The condition has no known cure at the moment and all care is supportive.

Parents stories:

Schola Muthamia’s son Ferdinand is now 14 and a candidate. He has had stem cell treatment in India with the hope of slowing the effects of his condition.

 Schola Muthamia, Founder of DMD Kenya Foundation.

My father-in-law used to tell us that we were buying him oversize clothes because he used to use his hands to support the clothes from not falling.

My husband took him to various hospitals until when we went to Kenyatta and found out what it was. We were shocked. It is not easy. I was in self-denial for almost a year, I used to take painkillers every day for headaches. I started talking about it, especially when my church noticed that there was something wrong with my boy, he was deteriorating.

We started DMD Foundation Kenya to help parents to talk about this and update each other on the latest developments in research on the cure. Parents break down. He has met other kids with the condition and he is now a strong boy.

Grace Njeri thought her son Caleb was just lazy.

In nursery school, teachers used to beat him up because he was just slow. He used to miss lunch because teachers would punish him by having him stay in when others go for lunch so that he can finish his classwork. Other students would go out for lunch and come back and still find him not having finished the work. At some point, Caleb did not want to go to school and he would feign illness, only for him to go out and play at 8am. This was before he deteriorated to a point of using the wheelchair. At some point when walking with him, he would just fall without any trigger.

When I found out the diagnosis and that it has no cure, I cried the whole night. I didn’t even know what to tell the other children because I did not want to break their hearts. I didn’t even tell Caleb. Later he would tell me that he was hopeful he wouldn’t use a wheelchair.

My husband left me with the children and the family talked ill of the situation. It is really difficult.

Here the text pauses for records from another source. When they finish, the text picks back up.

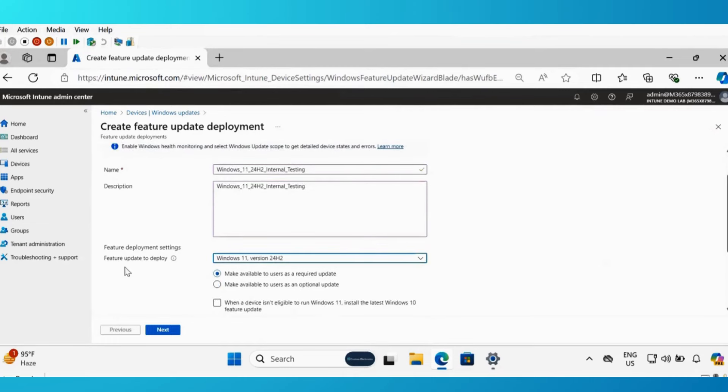Now in the feature update to deploy option, we have to select the version which we want to deploy. For now I am going to deploy Windows 11 version 24H2 for testing purposes.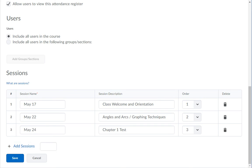You can build the whole semester right at the beginning or you can add new rows each week. Normally, a 14-week course will have 28 sessions.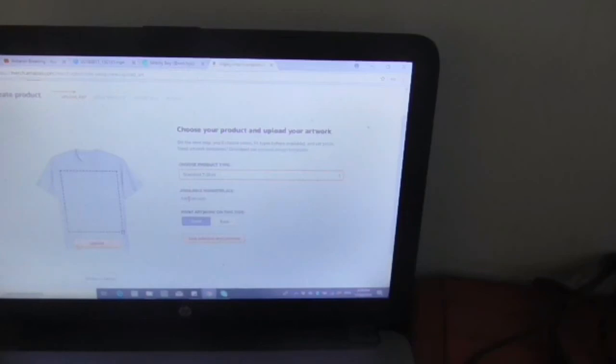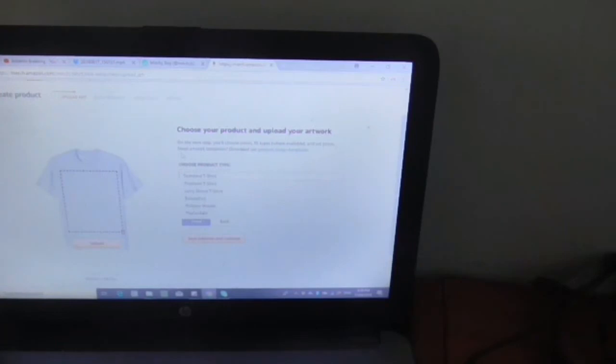What's going on YouTube? It's Mitiboi here and just thought I'd do a video. I just logged on to my Amazon Merch account and clicked on this menu here.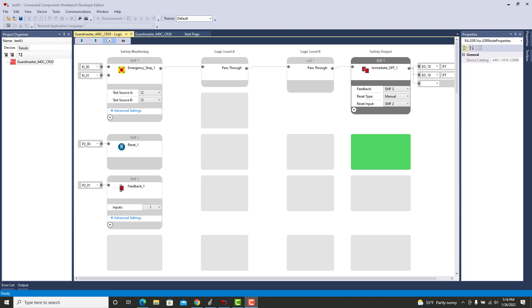Let's start where we left off in the last video. This was the configuration that we had, and we had no logic for level A or level B. We went straight from safety monitoring to normally closed contacts for the emergency stop. We had a reset and feedback, and we were driving a safety output which is an immediate off. The immediate off outputs 18 and 19 are connected to K1 and K2 contactors. You can get safety relays that have force guided contacts or you can get safety contactors where you have force guided contacts for the status of the relay and the contacts that you're actually controlling three phase 480 to a motor or something.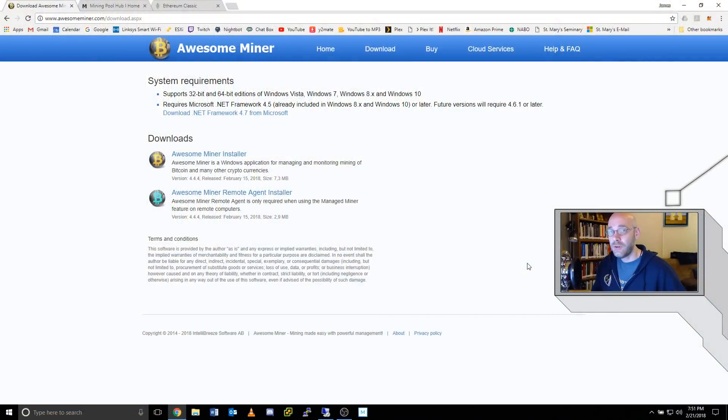Hello everyone, thanks for checking out my video. Today I'm going to show you how to use Awesome Miner and Mining Pool Hub to mine Ethereum Classic.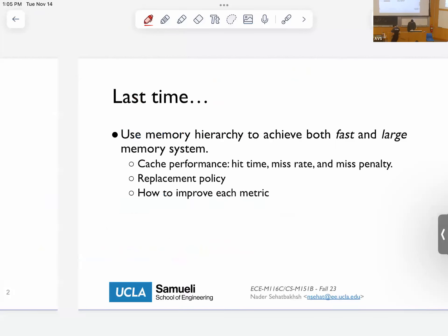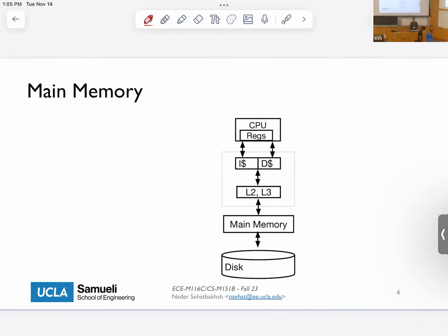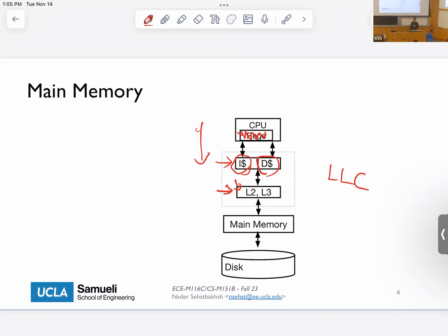If you think about the structure that we have here, we have what we call a memory hierarchy. We have our registers that are very very fast and very close to the CPUs. Then we have our caches — we typically have multiple levels of cache, at least two. In L1 we have a separate I-cache and D-cache; in L2 and L3 we typically have a unified cache. The last level of cache we call LLC. If you have two levels, your L2 becomes LLC; if you have three, your L3 becomes LLC; and so on.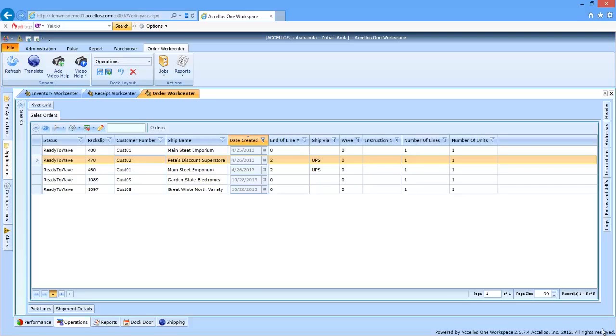On the surface, it may seem simple that you can select a group of orders for allocation, click submit on the job template, and those orders are ready to be picked. However, as you can see, there's a lot going on in the background to allow the operation to be as efficient as possible.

Rose Wambui’s son Arthur is now 8 years.

I noticed that when he was walking it was like he was dragging his foot. I thought that maybe we were buying him heavy shoes, so I bought lighter ones but it did not work. I went to hospital and the nurse thought that maybe we were not giving him enough time to play outside, given that most Nairobi is like a concrete jungle. She advised that we get him a bike and take him to the village often where he can play around to strengthen his muscles. He was given an exercise to stand, and the boy failed.

 Rose Wambui, mother of Arthur, eight-year-old boy,

When I learnt that he had this muscular dystrophy and that it has no cure, my heart sank. Luckily, I have good family support.

Peter Ngugi is a father who sought a bursary for his son’s school fees but was turned away on account that is “not for children with disability”.

It is not easy. When we learnt of the diagnosis, we just had to encourage each other because what else could we do? He has gone to so many schools but eventually we took him to a special school.

Ephantus Kiremi’s son used to walk to school, but he was always late.

One day, the headmaster called me to report that he suspected that there was something wrong with my son. He had just fallen by himself when they were on a break with other children in school. I have to carry him out every morning and if it rains when he is outside and I am not close by, he will get rained on because he cannot move.

He did his KCSE but got 200 marks, I decided to just take him to a polytechnic to learn something that can keep him busy. He now does beadwork.

Parents, especially fathers should take care of their children and their mothers and should not abandon them because they have an incurable illness.

Mama Gerald cried for a whole night when she learnt of the condition that her son had.

I took him to a private school and one day in school a teacher pushed him and he fell. Though the teacher denied this, I was heartbroken. 

These parents meet at a forum organised by the DMD Foundation Kenya to encourage each other and offer support to families having a more difficult time coping with their son’s diagnosis.